One final note about GA’s cookies – and this applies to both Classic and Universal – is that there is code that can be used to pass cookie values from one domain to another. This code passes GA’s cookie values through the query string onto the next page, for cases where your site spans multiple domains, allowing you to preserve your visitor identification across sites. I won’t get into the details of that code here, but it’s useful to know that feature exists.
Many of the new features introduced with Universal Analytics – including additional custom dimensions (formerly variables) and metrics, enhanced e-commerce tracking, attribution, etc. – are either dependent upon or made much easier by that simpler approach to cookies. And the ability to identify your own visitors with your own unique identifier – part of the new “Measurement Protocol” introduced with Universal Analytics – would have fallen somewhere between downright impossible and horribly painful with Classic GA.
This one change to visitor identification put GA on a much more level playing field with its competitors – one of whom we’re about to cover next.

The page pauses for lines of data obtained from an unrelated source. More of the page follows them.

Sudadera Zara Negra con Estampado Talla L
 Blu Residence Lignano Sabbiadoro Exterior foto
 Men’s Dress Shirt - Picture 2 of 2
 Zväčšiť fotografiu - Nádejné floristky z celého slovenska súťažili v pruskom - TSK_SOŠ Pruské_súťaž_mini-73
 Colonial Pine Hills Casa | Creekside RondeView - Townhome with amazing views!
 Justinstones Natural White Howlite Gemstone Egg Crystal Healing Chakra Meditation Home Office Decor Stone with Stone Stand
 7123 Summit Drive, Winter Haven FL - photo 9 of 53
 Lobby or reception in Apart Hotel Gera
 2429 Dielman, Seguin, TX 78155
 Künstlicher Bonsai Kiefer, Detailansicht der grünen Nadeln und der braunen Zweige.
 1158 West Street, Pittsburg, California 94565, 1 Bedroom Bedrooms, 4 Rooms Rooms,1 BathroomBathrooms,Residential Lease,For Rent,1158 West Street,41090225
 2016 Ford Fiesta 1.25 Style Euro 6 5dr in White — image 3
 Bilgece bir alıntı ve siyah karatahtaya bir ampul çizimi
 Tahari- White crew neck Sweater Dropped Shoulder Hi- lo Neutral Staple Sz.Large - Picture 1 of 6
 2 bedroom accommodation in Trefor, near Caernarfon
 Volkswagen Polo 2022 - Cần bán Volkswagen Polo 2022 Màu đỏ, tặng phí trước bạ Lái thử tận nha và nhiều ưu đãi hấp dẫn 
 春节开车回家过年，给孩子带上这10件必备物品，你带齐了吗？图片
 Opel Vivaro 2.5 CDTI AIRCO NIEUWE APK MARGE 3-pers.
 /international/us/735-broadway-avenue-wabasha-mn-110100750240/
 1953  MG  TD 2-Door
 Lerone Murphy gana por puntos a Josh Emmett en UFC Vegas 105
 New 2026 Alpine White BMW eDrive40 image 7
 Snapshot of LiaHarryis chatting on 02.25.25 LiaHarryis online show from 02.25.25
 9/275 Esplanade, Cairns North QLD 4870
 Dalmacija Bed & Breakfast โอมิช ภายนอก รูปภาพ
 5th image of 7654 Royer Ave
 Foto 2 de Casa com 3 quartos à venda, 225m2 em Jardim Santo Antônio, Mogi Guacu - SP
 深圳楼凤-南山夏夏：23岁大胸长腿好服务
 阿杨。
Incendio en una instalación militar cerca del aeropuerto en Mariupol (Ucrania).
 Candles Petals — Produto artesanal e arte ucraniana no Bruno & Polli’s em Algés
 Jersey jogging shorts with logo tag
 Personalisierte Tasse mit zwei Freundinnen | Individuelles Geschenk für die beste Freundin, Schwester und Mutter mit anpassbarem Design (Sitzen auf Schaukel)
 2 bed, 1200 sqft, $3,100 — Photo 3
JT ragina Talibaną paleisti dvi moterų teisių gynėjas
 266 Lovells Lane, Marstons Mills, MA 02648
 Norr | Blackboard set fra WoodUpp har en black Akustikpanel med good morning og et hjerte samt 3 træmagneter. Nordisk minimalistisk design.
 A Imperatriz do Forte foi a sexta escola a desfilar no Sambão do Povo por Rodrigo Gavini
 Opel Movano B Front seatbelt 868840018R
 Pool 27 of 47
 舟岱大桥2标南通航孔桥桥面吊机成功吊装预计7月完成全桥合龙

Over the 8 years or so that I’ve been implementing Adobe Analytics (and its Omniture SiteCatalyst predecessor), Adobe’s best-practices approach to visitor identification has changed many times. We’ll look at 4 different iterations – but note that with each one, Adobe has always used a single ID to identify visitors, and then maintained visitor and visit information on its servers (like GA now does with Universal Analytics).
Third-party cookie (s_vi)
This cookie, called s_vi, has an expiration of 2 years, and is made up of 2 hexadecimal values, surrounded by [CS] and [CE]. On Adobe’s servers, these 2 values are converted to a more common base-10 value. But using hexadecimal keeps the values in the cookie smaller.
First-party cookie (s_vi)
You may remember from an earlier post that third-party cookies have a less-than-glowing reputation, and almost all the reasons for this are valid. Because third-party cookies are much more likely to be blocked, several years ago, Adobe started offering customers the ability to create a first-party cookie instead. The cookie is still set on Adobe’s servers – but using this approach, you actually allow Adobe to manage a subdomain to your site (usually metrics.companyname.com) for you. All Adobe requests are sent to this subdomain, which looks like part of your site – but it actually still just belongs to Adobe. It’s a little sneaky, but it gets the job done, and allows your Adobe tracking cookie to be first-party.
First-party cookie (s_fid)
In most cases, using the standard cookie (either first- or third-party) works just fine. But what if you’re using a third-party cookie and you find that a lot of your visitors have browser settings that reject it? Or what if you’re using a first-party cookie, but you have multiple websites on completely different domains? Do you have to set up subdomains for first-party cookies for every single one of them? What a hassle!
Adobe Marketing Cloud ID
The current iteration of Adobe’s visitor identification is a brand-new ID that allows for a single ID across Adobe’s entire suite of products (called the “Marketing Cloud”). That means if you use Adobe Analytics and Adobe Target, they can now both identify your visitors the exact same way. It must sound crazy that Adobe has owned both tools for over 6 years and that functionality is only now built right into the product – but it’s true!